How Clutter efficiently packs pallets
Recently, Clutter released a feature to present the optimal pallet composition for a given Stock Keeping Unit (SKU) in our internal iOS app for our warehouse team. It enables us to efficiently utilize warehouse and truck space and save time loading items onto pallets. This article will cover our approach to the pallet loading problem and briefly summarize the paper we implemented.
Why we built this
The way we stack our pallets has notable cross-cutting concerns:
Warehouse storage
- Utilizing our warehouse space more efficiently allows us to offer more space to more customers
- Customers want their inventory stored in the most efficient way possible, which helps lower their costs to sell it
Fulfillment
- When fulfilling shipments out of our warehouse, we want to make sure that we’re maximizing the number of items we put on the truck to make sure the whole order is fulfilled
- Minimizing empty space on the truck also reduces the chance of items being damaged while the truck is in motion
- Optimizing the pallet on inbound shipments can potentially reduce the amount of extra labor needed to prepare outbound shipments
- Saving time determining how to load pallets also helps lower costs
A good solution must produce demonstrably optimal results and be easy to understand for the end user, Clutter’s warehouse employees. This led us to the pallet loading problem. With iOS SpriteKit as the visualization tool, we were able to create a solution that meets these success criteria.

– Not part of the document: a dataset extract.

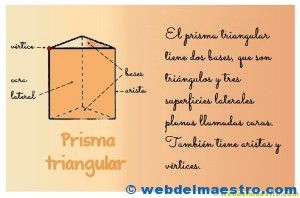 Figuras geometricas tridimensionales primaria: prisma triangular-cartel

What is an optimal pallet arrangement?
Before diving into the solution, we should define what an optimal pallet arrangement is. There are a number of formulations of the pallet loading problem with varying complexity. From optimizing a 3D composition with arbitrary rotations and boxes of different sizes, we pared the problem down to finding the optimal way to arrange the maximum number of identical boxes in a single, flat layer on a pallet. Or in other words, the composition of identical rectangles in a larger rectangle, with 90° rotations. This makes it easy for someone to follow a diagram of the optimal composition and stack to a given height.
Despite these constraints to the problem, determining the optimal composition may not be immediately obvious.
You can try it out for yourself with this realistic example! Given a SKU with dimensions 14” x 6” and a pallet with dimensions 48” x 40” (the size of a standard pallet), determine the composition that will fit the maximum number of that SKU.
Intuitively, we could use a bound determined by the areas of the SKU and pallet to determine the maximum number of boxes we could possibly place, i.e. ⎣(48*40)/(14*6)⎦ = 22. This bound may not always work to find the optimal box count, and still, knowing the optimal box count may not lead directly to an optimal composition.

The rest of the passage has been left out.